ACTIVITY: Repeat verbatim, and only, the lines of the data below, beginning at the line that contains "BS GReady Tape Ball Bat" and stopping after the line that contains "DNF宠物装备分类，dnf宠物装备有什么好的可以买到的".

(Source records)
———
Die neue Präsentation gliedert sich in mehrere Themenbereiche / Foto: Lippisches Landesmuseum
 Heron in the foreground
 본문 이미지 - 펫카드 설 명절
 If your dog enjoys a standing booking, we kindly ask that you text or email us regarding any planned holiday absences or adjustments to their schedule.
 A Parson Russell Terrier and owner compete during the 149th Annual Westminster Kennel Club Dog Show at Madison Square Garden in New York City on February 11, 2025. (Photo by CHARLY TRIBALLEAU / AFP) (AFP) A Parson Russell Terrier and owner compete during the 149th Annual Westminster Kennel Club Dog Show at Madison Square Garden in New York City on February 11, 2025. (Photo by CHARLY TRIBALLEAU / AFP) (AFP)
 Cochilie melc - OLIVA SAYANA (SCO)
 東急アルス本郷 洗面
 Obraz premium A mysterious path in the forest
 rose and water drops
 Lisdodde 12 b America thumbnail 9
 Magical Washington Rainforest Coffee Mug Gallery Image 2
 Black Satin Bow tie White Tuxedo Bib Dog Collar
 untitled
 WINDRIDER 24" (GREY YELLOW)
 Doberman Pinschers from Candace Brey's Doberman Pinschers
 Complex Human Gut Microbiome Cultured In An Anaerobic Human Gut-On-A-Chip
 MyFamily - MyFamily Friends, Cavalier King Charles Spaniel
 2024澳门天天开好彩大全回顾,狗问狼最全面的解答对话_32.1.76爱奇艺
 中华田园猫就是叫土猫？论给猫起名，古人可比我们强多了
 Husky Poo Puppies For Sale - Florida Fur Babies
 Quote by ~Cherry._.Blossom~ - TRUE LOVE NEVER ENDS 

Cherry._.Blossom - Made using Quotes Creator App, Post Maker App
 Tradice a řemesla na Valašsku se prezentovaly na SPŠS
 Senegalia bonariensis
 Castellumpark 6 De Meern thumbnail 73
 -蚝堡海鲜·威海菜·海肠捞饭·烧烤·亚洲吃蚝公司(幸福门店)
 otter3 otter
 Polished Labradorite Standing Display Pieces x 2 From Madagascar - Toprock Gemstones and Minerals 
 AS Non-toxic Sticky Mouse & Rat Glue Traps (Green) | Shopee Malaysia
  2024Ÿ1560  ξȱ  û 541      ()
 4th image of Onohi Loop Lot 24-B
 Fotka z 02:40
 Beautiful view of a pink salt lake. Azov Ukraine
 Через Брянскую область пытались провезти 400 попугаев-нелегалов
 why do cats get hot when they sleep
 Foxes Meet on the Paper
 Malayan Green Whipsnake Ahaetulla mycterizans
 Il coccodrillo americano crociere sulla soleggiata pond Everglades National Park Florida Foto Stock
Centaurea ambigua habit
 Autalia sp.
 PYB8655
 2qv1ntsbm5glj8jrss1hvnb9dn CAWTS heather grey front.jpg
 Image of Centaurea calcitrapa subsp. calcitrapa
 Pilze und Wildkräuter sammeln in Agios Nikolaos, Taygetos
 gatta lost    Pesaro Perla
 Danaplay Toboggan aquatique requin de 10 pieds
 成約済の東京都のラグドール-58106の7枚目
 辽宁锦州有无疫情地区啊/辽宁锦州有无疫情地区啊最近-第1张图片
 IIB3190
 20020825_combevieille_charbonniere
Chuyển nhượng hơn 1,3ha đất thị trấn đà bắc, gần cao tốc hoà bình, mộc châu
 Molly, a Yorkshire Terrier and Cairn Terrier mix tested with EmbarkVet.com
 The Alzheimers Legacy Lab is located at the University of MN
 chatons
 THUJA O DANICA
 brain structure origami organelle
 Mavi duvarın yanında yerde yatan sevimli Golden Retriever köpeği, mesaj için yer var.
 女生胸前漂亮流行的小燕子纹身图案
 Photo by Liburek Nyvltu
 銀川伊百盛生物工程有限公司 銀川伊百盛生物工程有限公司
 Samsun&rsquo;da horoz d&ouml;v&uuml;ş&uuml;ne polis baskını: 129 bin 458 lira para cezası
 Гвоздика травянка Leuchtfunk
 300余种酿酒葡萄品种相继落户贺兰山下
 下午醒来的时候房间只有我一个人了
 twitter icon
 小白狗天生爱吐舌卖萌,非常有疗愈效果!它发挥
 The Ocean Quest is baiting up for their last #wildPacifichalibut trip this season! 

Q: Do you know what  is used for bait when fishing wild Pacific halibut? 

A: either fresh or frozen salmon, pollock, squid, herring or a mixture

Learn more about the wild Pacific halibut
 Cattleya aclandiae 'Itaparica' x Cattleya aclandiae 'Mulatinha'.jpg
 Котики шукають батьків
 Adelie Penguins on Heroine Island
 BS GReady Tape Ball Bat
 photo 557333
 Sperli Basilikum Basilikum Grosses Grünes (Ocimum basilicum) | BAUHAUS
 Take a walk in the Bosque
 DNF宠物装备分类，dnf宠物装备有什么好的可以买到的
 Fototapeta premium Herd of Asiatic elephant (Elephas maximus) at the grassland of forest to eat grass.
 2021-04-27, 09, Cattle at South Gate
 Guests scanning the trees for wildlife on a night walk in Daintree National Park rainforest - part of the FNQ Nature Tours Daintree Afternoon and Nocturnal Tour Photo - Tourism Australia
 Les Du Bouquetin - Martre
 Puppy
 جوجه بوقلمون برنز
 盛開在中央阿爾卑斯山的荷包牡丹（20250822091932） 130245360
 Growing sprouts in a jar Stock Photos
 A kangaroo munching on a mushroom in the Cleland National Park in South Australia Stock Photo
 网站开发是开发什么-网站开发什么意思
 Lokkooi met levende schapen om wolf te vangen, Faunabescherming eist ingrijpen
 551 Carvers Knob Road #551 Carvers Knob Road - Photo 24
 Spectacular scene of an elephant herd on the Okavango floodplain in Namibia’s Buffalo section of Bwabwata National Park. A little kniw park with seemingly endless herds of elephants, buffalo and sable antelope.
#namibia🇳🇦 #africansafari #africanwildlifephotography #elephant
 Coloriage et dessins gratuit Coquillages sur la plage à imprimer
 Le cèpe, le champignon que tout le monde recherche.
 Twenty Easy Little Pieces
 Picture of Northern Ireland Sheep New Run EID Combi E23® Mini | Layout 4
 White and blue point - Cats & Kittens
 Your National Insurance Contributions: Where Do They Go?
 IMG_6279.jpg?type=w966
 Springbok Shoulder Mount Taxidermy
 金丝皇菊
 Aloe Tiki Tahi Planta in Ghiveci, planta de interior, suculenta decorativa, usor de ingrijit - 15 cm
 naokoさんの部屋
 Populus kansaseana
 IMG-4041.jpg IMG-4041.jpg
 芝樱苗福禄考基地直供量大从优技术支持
———
ANSWER SPACE:
 BS GReady Tape Ball Bat
 photo 557333
 Sperli Basilikum Basilikum Grosses Grünes (Ocimum basilicum) | BAUHAUS
 Take a walk in the Bosque
 DNF宠物装备分类，dnf宠物装备有什么好的可以买到的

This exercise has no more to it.